**Provided entries**
━━━━━━━━━━━━━━━━━━━━
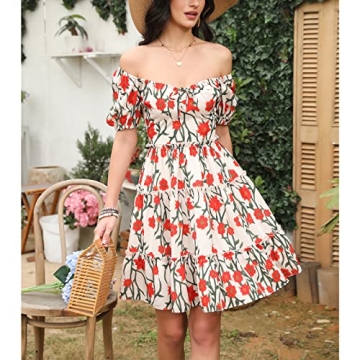 Byinns Women's Sweetheart Neckline Mini Dress Puff Short Sleeve Ruffle Tiered Smocked Floral A-Line Drawstring Short Dress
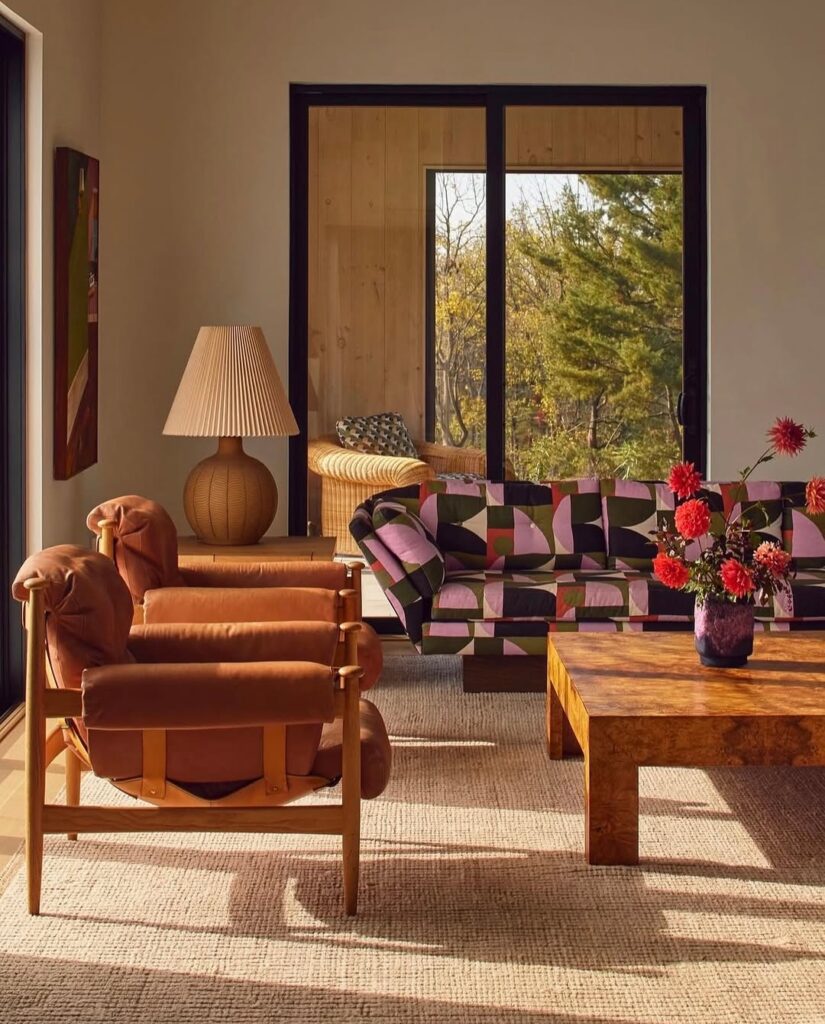 Geometric Retro Warm Wood Living Room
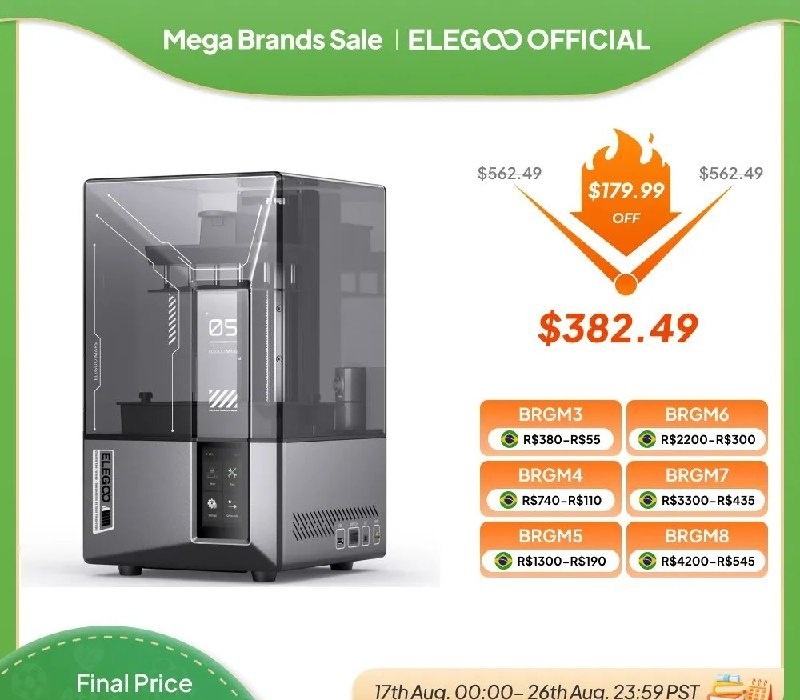 Impressora 3D ELEGOO MARS 5 ULTRA 9K MSLA com Nivelamento Automático e Câmera Inteligente AI, Impressão de Alta Velocidade Tamanho 153.3677.76165mm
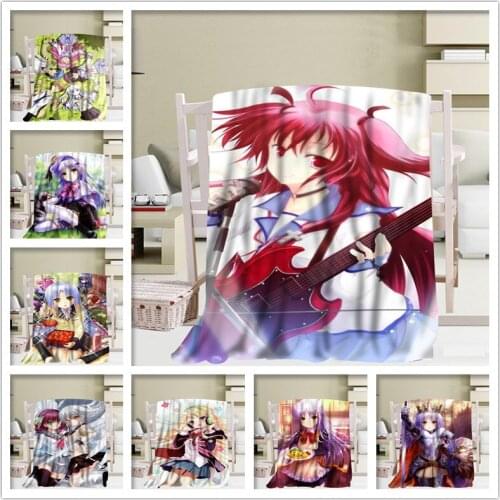 Custom Angel Beats Nice Blanket TR/ Flannel Fleece Fabric Blanket New Year Decoration Comfortable Warm Super Soft Bedroom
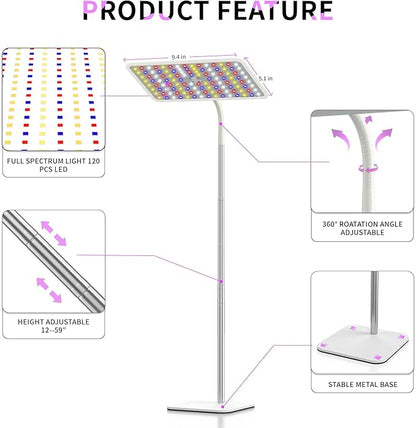 BESTVA 18W Grow Lights for Indoor Plants with Stand, Full Spectrum LED Plant Light for Indoor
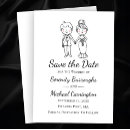 Search for bride and groom cartoon invitations Whimsical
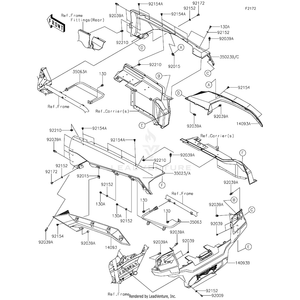 Cover,Flap,Lh by Kawasaki 14093-0796 OEM Hardware 14093-0796 Off Road Express Peach St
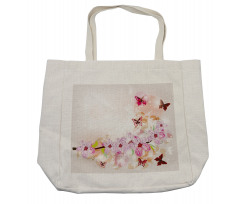 Floral Art Butterflies Shopping Bag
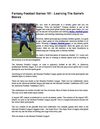 Fantasy Football Games 101 - Learning The Game's Basics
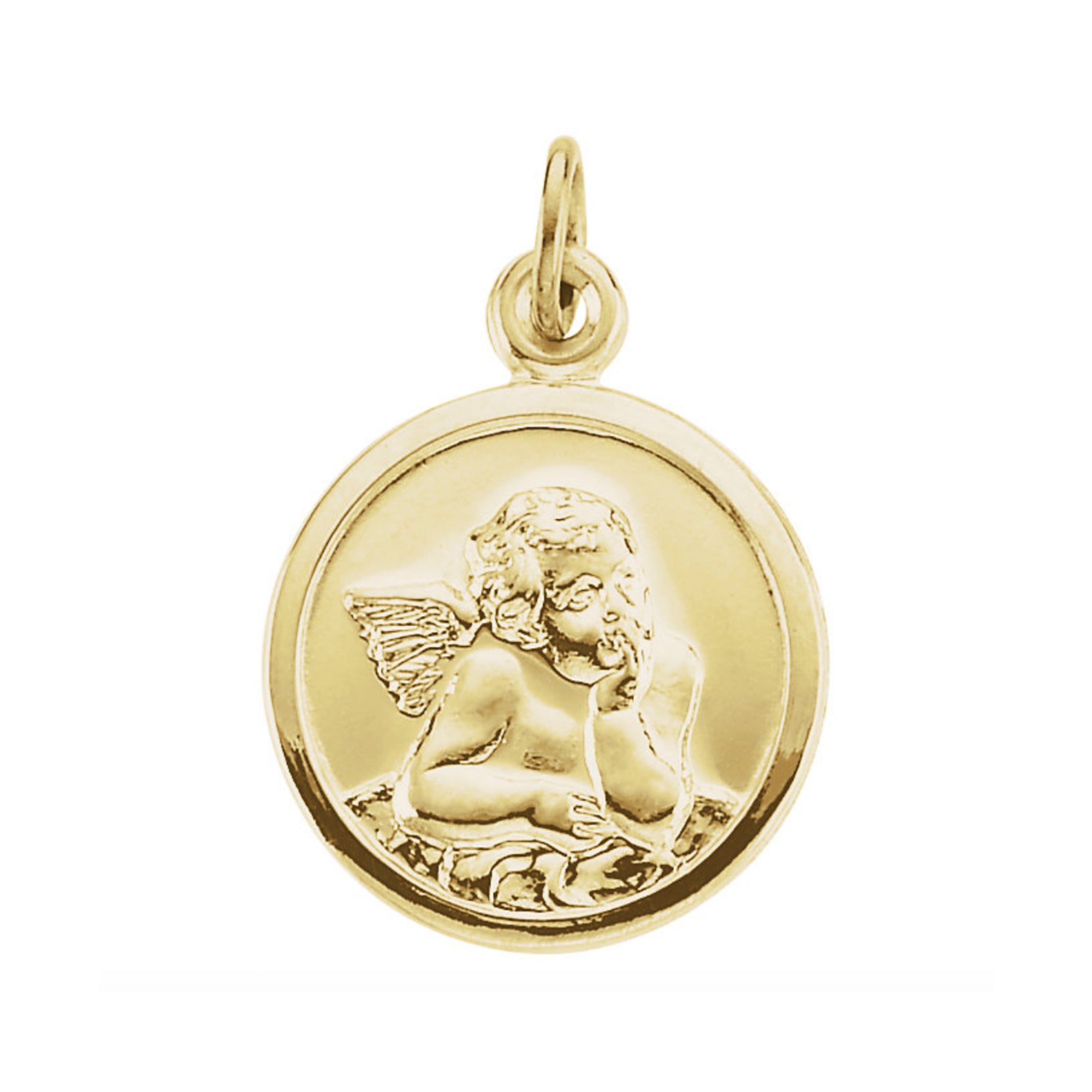 14k Yellow Gold Cherub "Guardian Angel" Pendant - Talisman Collection Fine Jewelers
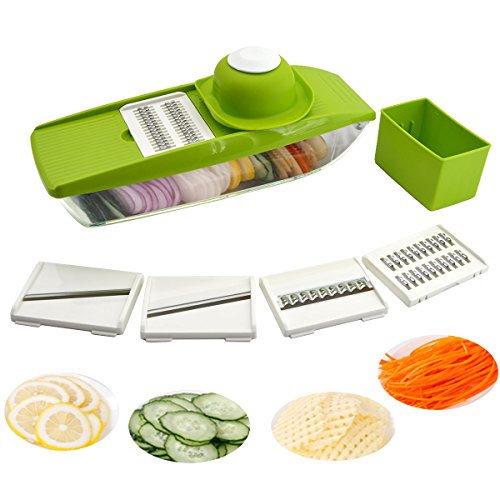 iParaAiluRy Mandoline cuisine 5 en 1 - Mandoline professionnelle découpe les fruits et les légumes rapidement et uniformément - 5 lames différentes en inox haute qualité, sûr et facile à stocker code EAN B01INIRLTS 
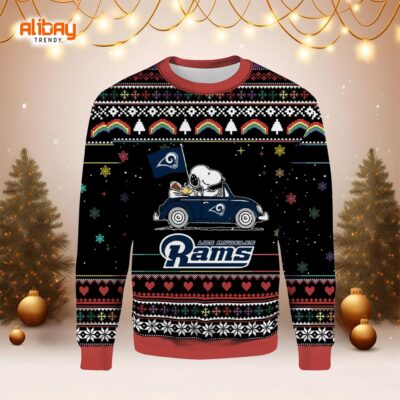 Snoopy and Woodstock Rams Ugly Christmas Sweater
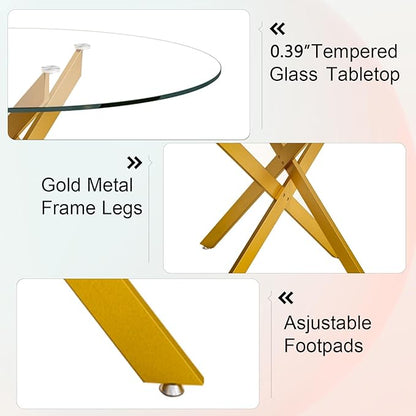 SSLine 47.25'' Round Glass Dining Table,Modern Kitchen Table for 2-6 People,Dining Room Table with Tempered Glass Top and Metal Legs,Leisure Tea Coffee Table for Living Room,Dining Room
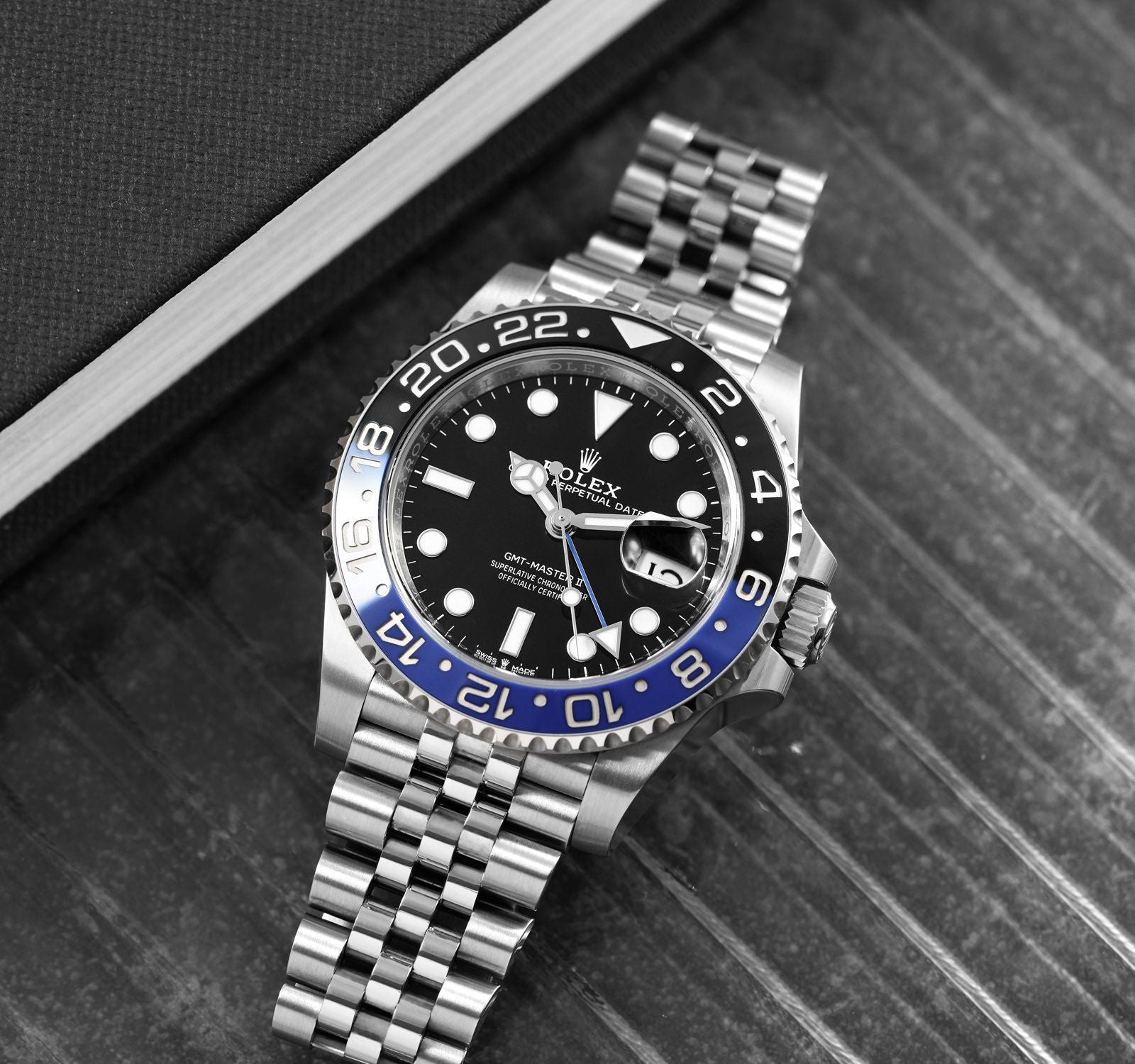 Rolex GMT-Master II Black Dial Metal Bracelet Men's Watch (Ref. 092)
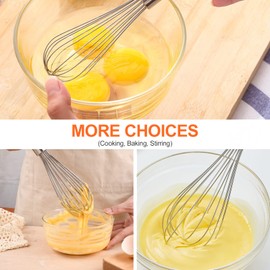 Newaner Whisk Set Stainless Steel, Whisk Set of 3 Includes 21 cm, 26 cm, 29 cm for Mixing, Stirring Dough, Eggs, Frothing, Beating, High Quality Whisk for Living Room, Kitchen, Dining Room, Silver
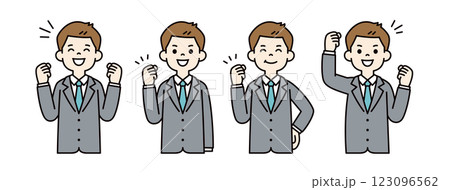 元気にガッツポーズをする、若いビジネスマンのベクターイラスト素材セット＿線幅の編集可能＿カラー 123096562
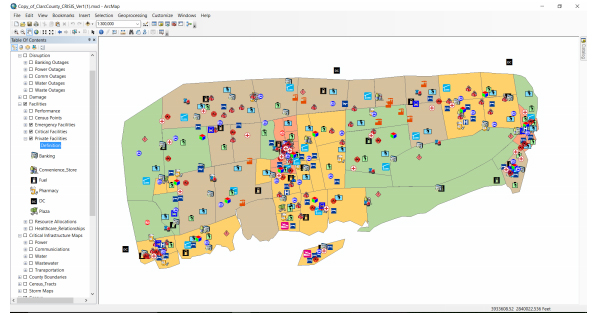 An earlier version of COMSURE mapped critical infrastructure locations in CLARC, an artificial community used to test models. Image from Dr. Al Wallace.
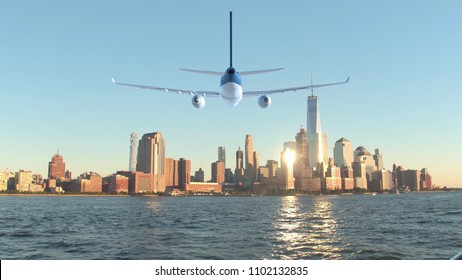 AERIAL, CLOSE UP: Spectacular Shot Of Passenger Plane Crossing The Calm Hudson River On A Sunny Day. Modern Skyscrapers Glisten In The Bright Sunlight As Big Aircraft Flies Towards Stunning Manhattan.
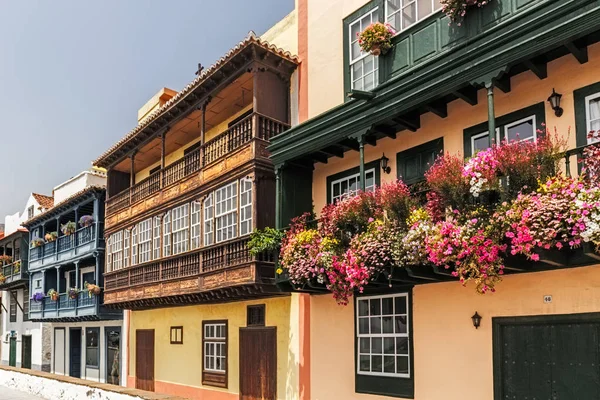 Famous Colorfull Houses Santa Cruz Palma Canary Islands — Stock Photo, Image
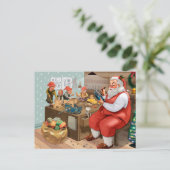Santa en Elves die speelgoed maken | Kerstmis Briefkaart (Staand voorkant)
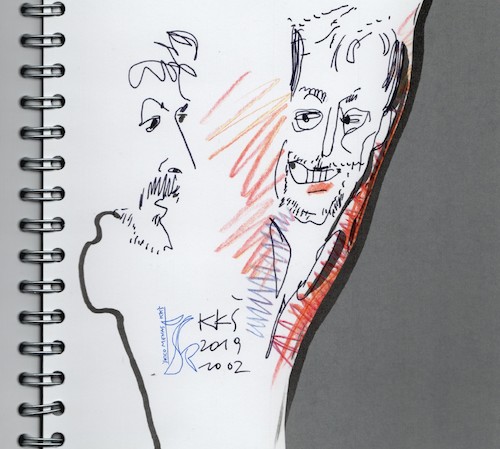 Cartoon: Balcon 3 (medium) by Kestutis tagged spectacle,sketch,kestutis,lithuania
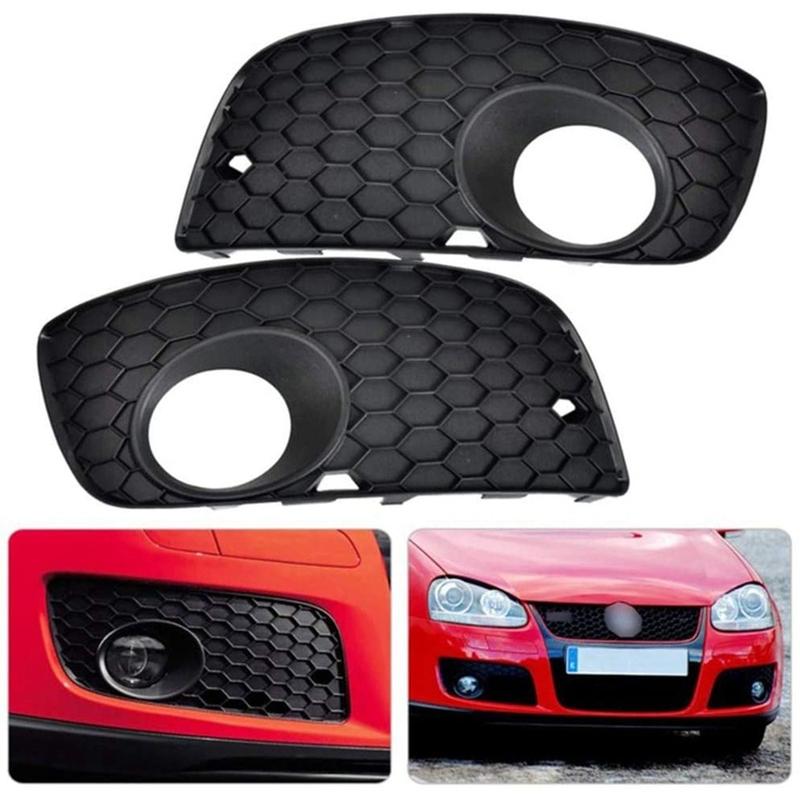 XXR-Front Left + Right Bumper Lower Grill Fog Light Grille Cover For Mk5 Golf 2006-2008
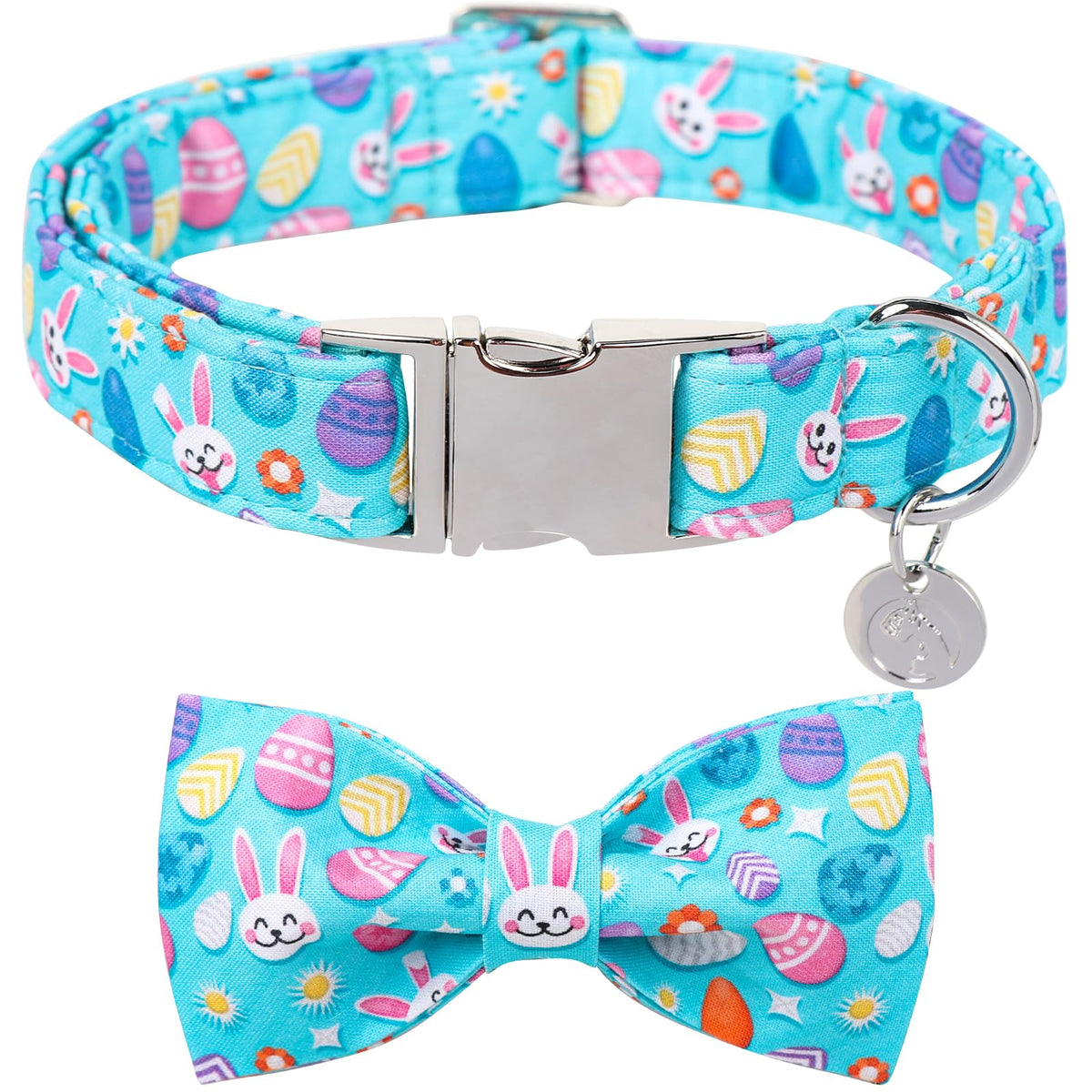 Collar DOGWONG azul con lazo para Pascua, cómodo para paseos diarios.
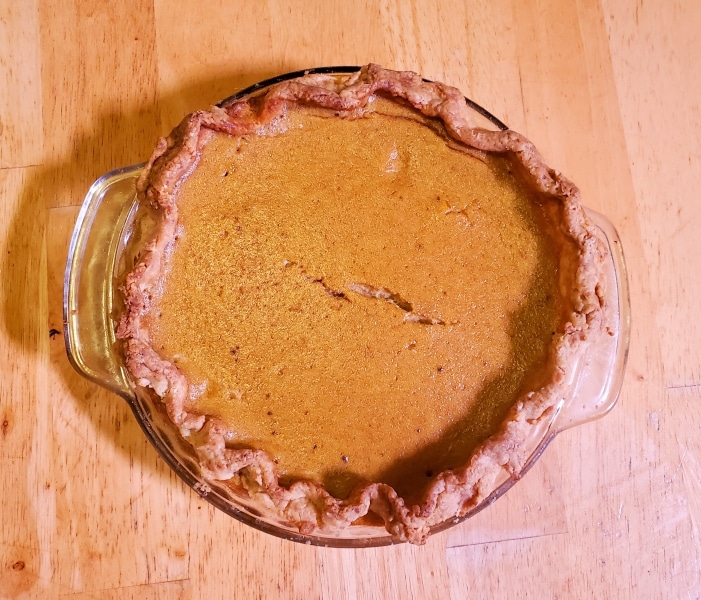 Pumpkin pie after baking for 1 hour Pumpkin pie after baking for 1 hour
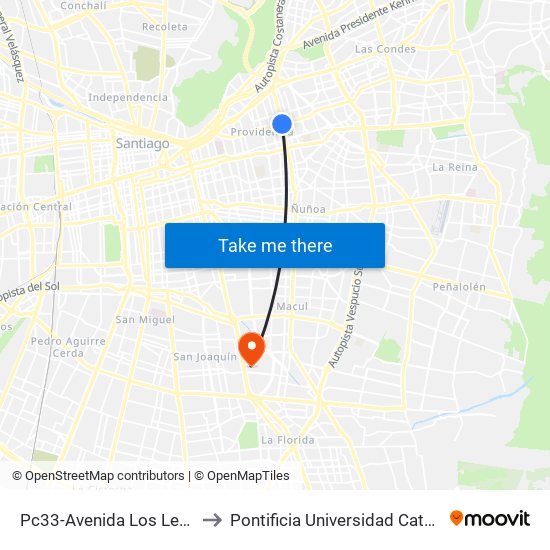 Pc33-Avenida Los Leones / Esq. Av. Eliodoro Yáñez to Pontificia Universidad Católica De Chile - Campus San Joaquín map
━━━━━━━━━━━━━━━━━━━━
**Assignment**
Only the lines from the one with "Rolex GMT-Master II" to the last line of the listing, inclusive, are to be set down, exactly as they stand and without pictures.

**Written answer**
 Rolex GMT-Master II Black Dial Metal Bracelet Men's Watch (Ref. 092)
 Newaner Whisk Set Stainless Steel, Whisk Set of 3 Includes 21 cm, 26 cm, 29 cm for Mixing, Stirring Dough, Eggs, Frothing, Beating, High Quality Whisk for Living Room, Kitchen, Dining Room, Silver
 元気にガッツポーズをする、若いビジネスマンのベクターイラスト素材セット＿線幅の編集可能＿カラー 123096562
 An earlier version of COMSURE mapped critical infrastructure locations in CLARC, an artificial community used to test models. Image from Dr. Al Wallace.
 AERIAL, CLOSE UP: Spectacular Shot Of Passenger Plane Crossing The Calm Hudson River On A Sunny Day. Modern Skyscrapers Glisten In The Bright Sunlight As Big Aircraft Flies Towards Stunning Manhattan.
 Famous Colorfull Houses Santa Cruz Palma Canary Islands — Stock Photo, Image
Santa en Elves die speelgoed maken | Kerstmis Briefkaart (Staand voorkant)
 Cartoon: Balcon 3 (medium) by Kestutis tagged spectacle,sketch,kestutis,lithuania
 XXR-Front Left + Right Bumper Lower Grill Fog Light Grille Cover For Mk5 Golf 2006-2008
 Collar DOGWONG azul con lazo para Pascua, cómodo para paseos diarios.
 Pumpkin pie after baking for 1 hour Pumpkin pie after baking for 1 hour
 Pc33-Avenida Los Leones / Esq. Av. Eliodoro Yáñez to Pontificia Universidad Católica De Chile - Campus San Joaquín map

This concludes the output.